GIVEN RECORDS |
== Segment start ==

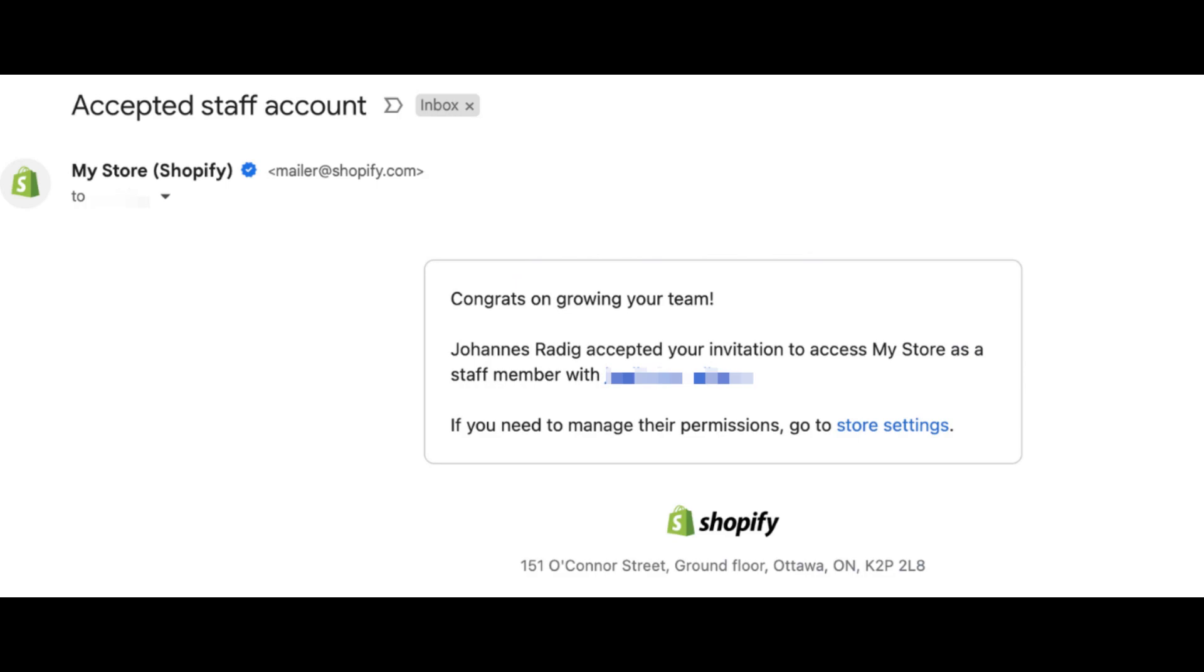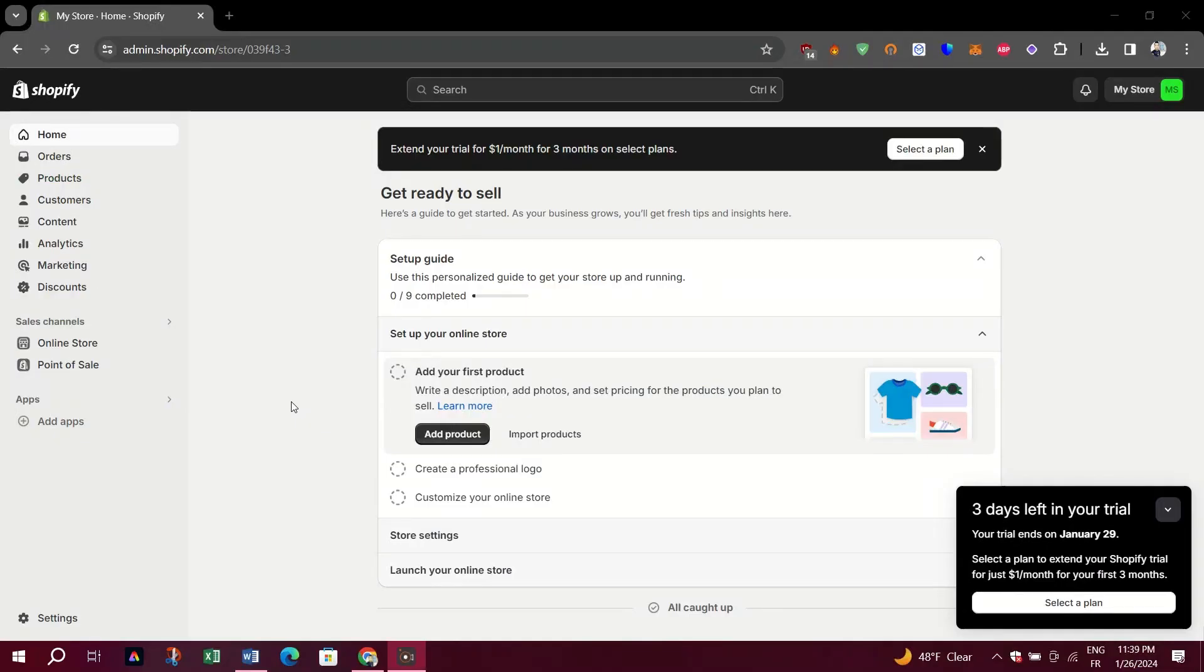The collaborator will receive an email with a link to create their staff account. They need to click on the link and set up their password to access the store.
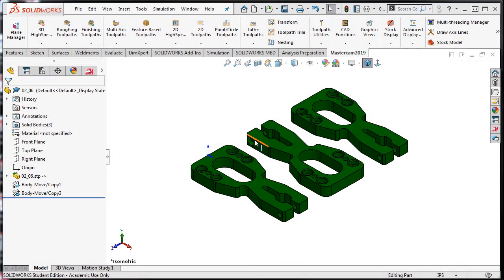When working with more complex stock which has been pre-machined, neither the rectangular nor the cylindrical stock options may suit your needs.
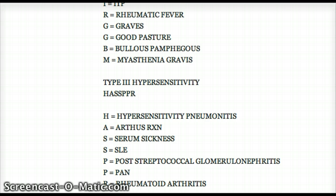Let's try to say it without looking at the notes. H is hypersensitivity pneumonitis, A is Arthus reaction, S is serum sickness, the other S is SLE — so that's H-A-S-S — P is poststreptococcal glomerulonephritis, the other P is PAN, and R is rheumatoid arthritis.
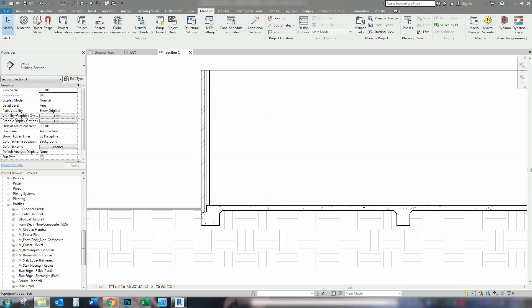Hi guys, today I'm going to show you how to set up and apply slab edges to your floors. Getting this right in the model will save you time and also increase the accuracy of your documentation.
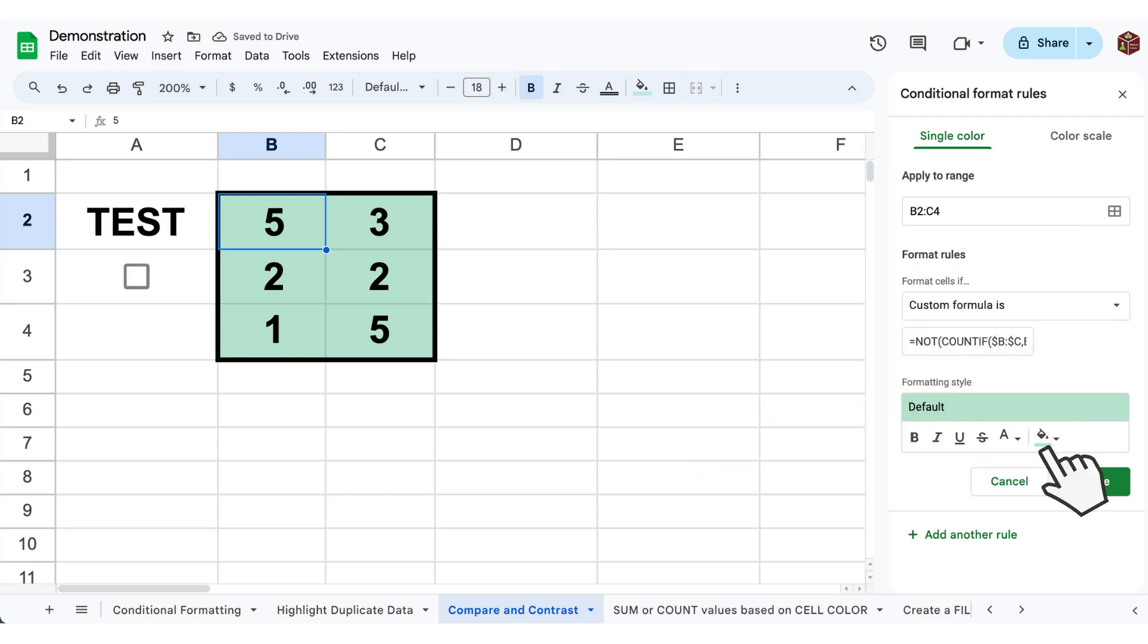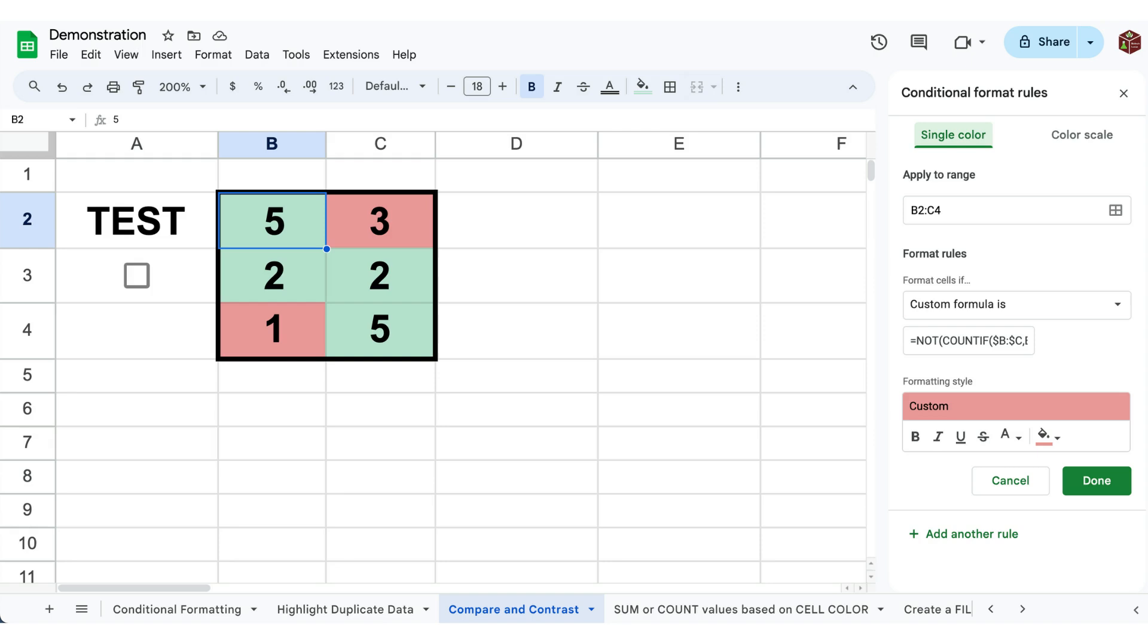Finally change the formatting style so that it is easy to separate between unique and duplicate values.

== Segment end ==

WORK ITEM | Return every entry above exactly as written, minus the pictures.

RESULT OF THE EXERCISE |
The collaborator will receive an email with a link to create their staff account. They need to click on the link and set up their password to access the store.
When working with more complex stock which has been pre-machined, neither the rectangular nor the cylindrical stock options may suit your needs.
Let's try to say it without looking at the notes. H is hypersensitivity pneumonitis, A is Arthus reaction, S is serum sickness, the other S is SLE — so that's H-A-S-S — P is poststreptococcal glomerulonephritis, the other P is PAN, and R is rheumatoid arthritis.
Hi guys, today I'm going to show you how to set up and apply slab edges to your floors. Getting this right in the model will save you time and also increase the accuracy of your documentation.
Finally change the formatting style so that it is easy to separate between unique and duplicate values.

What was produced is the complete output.